**What is required**
Hand back, word for word, the lines from the one containing "SANTA FE LIQUORS" to the end of the records, both included, and leave out pictures.

**Records drawn from a dataset**
########

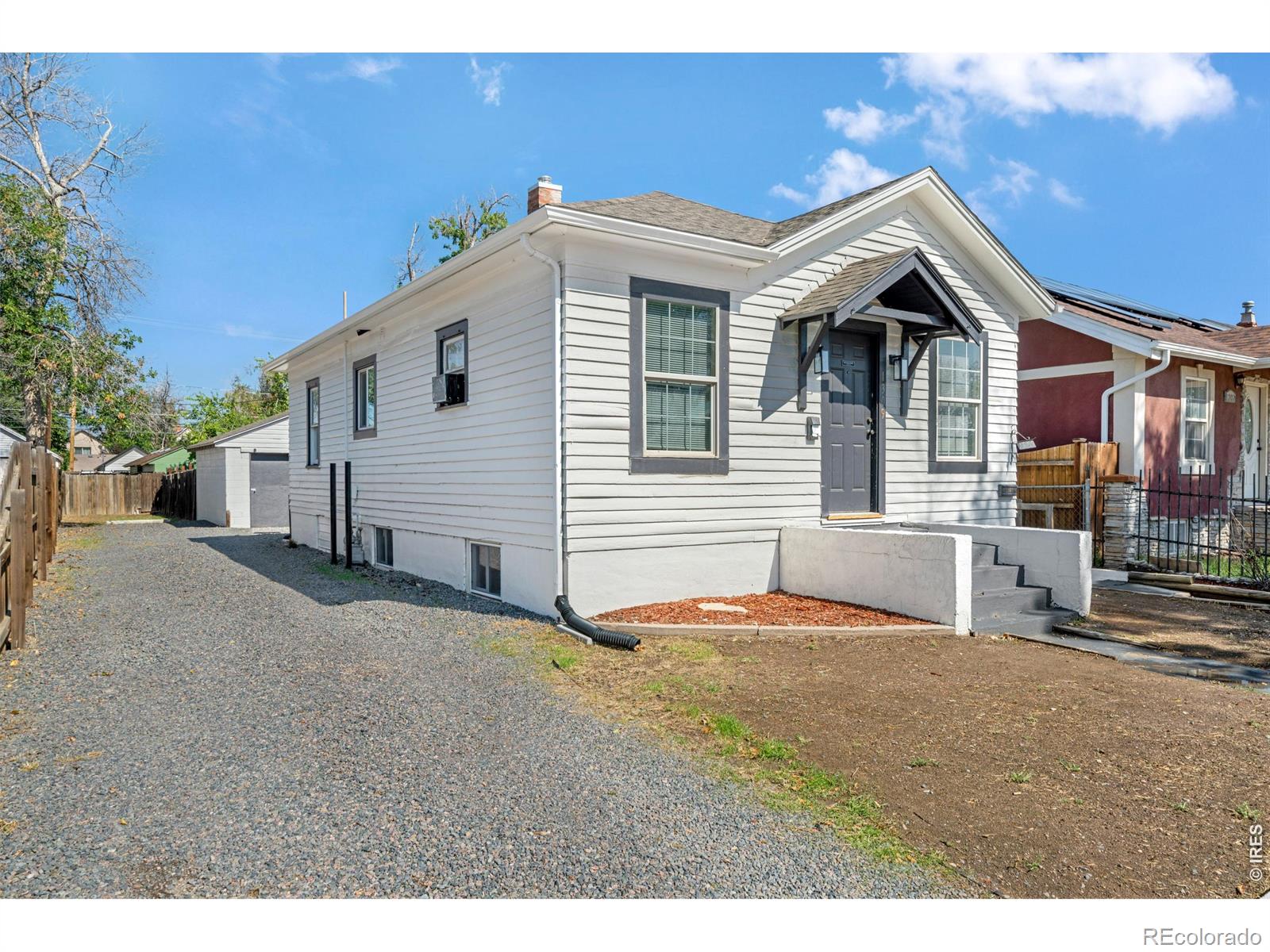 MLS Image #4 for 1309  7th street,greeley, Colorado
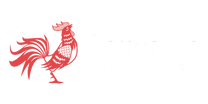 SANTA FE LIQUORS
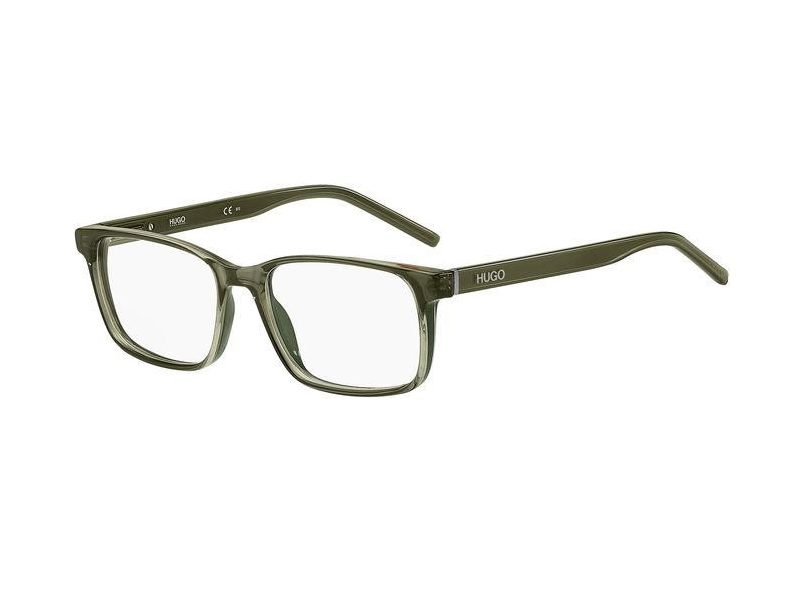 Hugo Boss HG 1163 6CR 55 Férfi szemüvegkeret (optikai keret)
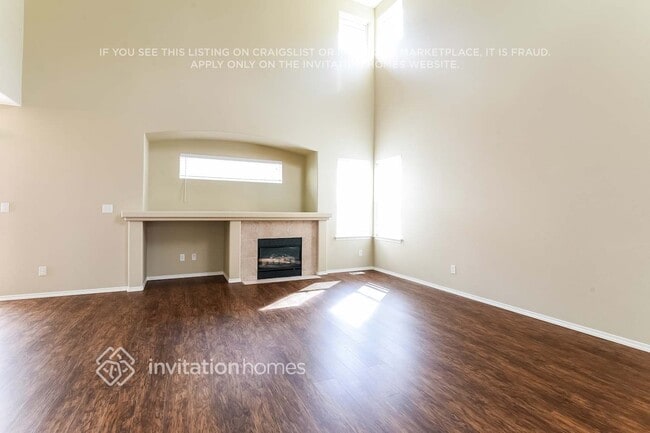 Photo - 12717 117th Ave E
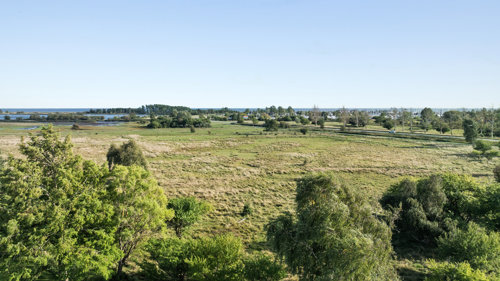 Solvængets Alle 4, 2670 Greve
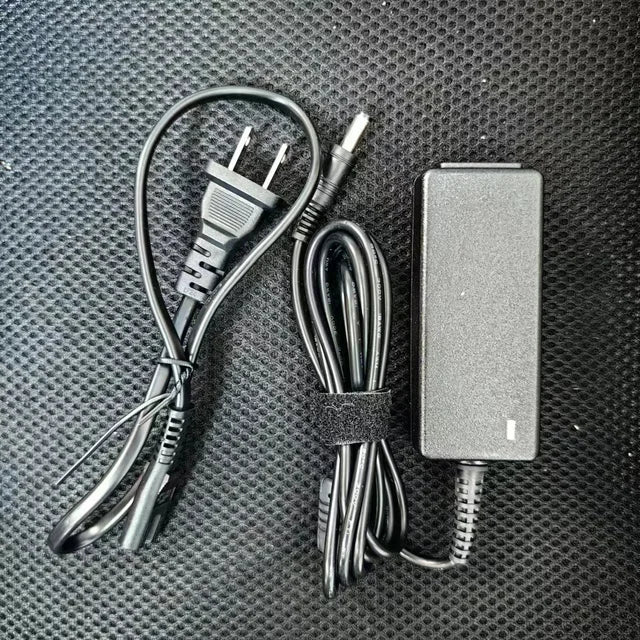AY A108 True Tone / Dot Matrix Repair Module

########

**Result below**
 SANTA FE LIQUORS
 Hugo Boss HG 1163 6CR 55 Férfi szemüvegkeret (optikai keret)
 Photo - 12717 117th Ave E
 Solvængets Alle 4, 2670 Greve
AY A108 True Tone / Dot Matrix Repair Module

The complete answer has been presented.